Tous les clastogènes ne sont pas directement liés au cancer. Comme pour tous les systèmes biologiques, la relation entre les clastogènes et le cancer est complexe. Le développement du cancer est multifactoriel et les clastogènes peuvent être l'un des nombreux facteurs qui y contribuent, mais ils n'en sont pas la seule cause. Pour les personnes sensibles, l'impact des clastogènes dépend de la dose et de la durée d'exposition – c'est la dose qui fait le poison.
L'étude dont il est question ici utilise plusieurs tests pour identifier les effets clastogènes et aneugènes du sucralose et du sucralose-6-acétate. Avant d'examiner les résultats, il convient de replacer les choses dans leur contexte.
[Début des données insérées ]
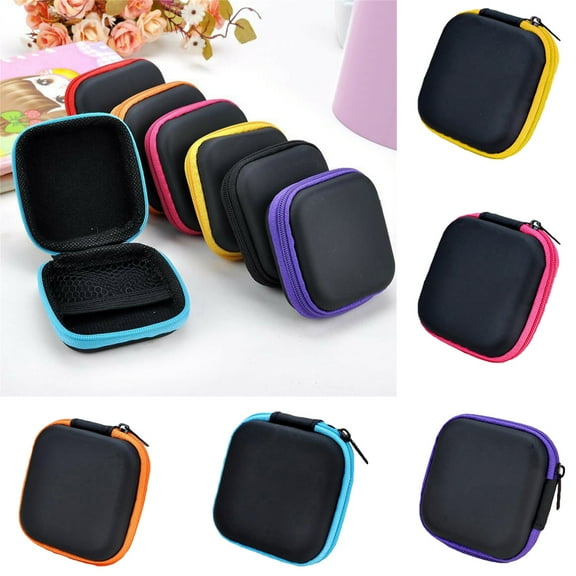 Dengjunhu Portable Square Earphone Carrying Case Mini Pouch Storage for Smartphone Earphone Headset Storage Bags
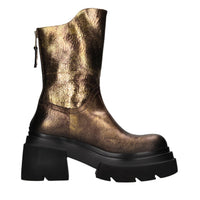 Tronchetti in pelle metallizzata bronzo 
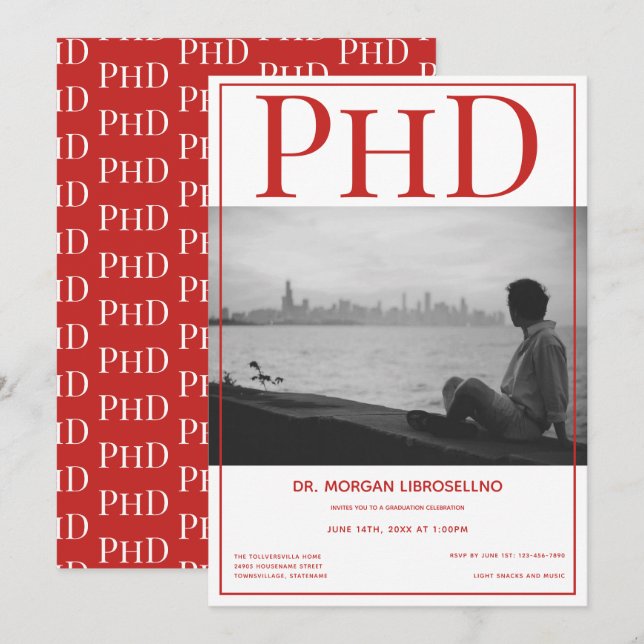 PhD degree Graduate Photo Red Graduation Party Invitation (Front/Back)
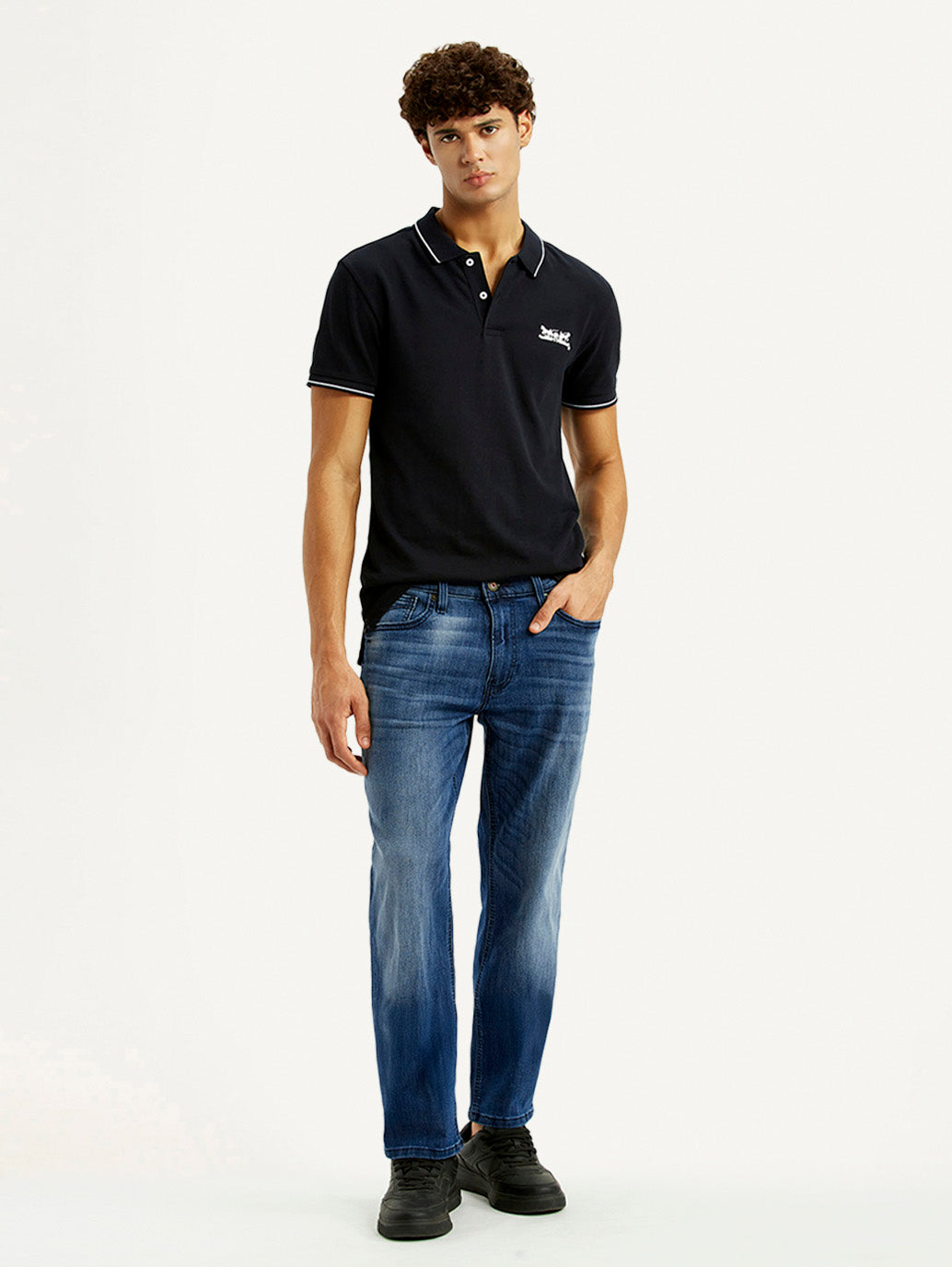 Men's 541 Blue Regular Tapered Fit Mid Rise Jeans - Styleshot View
L'objectif de ces tests est de protéger le public contre l'exposition à des substances chimiques nocives. D'une manière générale, le test idéal identifierait ces substances chimiques dangereuses avec peu de faux négatifs – la « sensibilité » du test – et de faux positifs – la « spécificité » du test. Les faux positifs imposent d'autres tests, généralement des tests de cancérogénicité chez nos amis les rongeurs. Ces protocoles de test sont coûteux et prennent du temps, de sorte que des tests plus récents, comme la cytométrie multi-flux, pourraient supplanter les tests mis au point il y a 30 ou 40 ans.
L'étude sur le sucralose a utilisé trois tests pour rechercher les propriétés clastogènes et aneugènes.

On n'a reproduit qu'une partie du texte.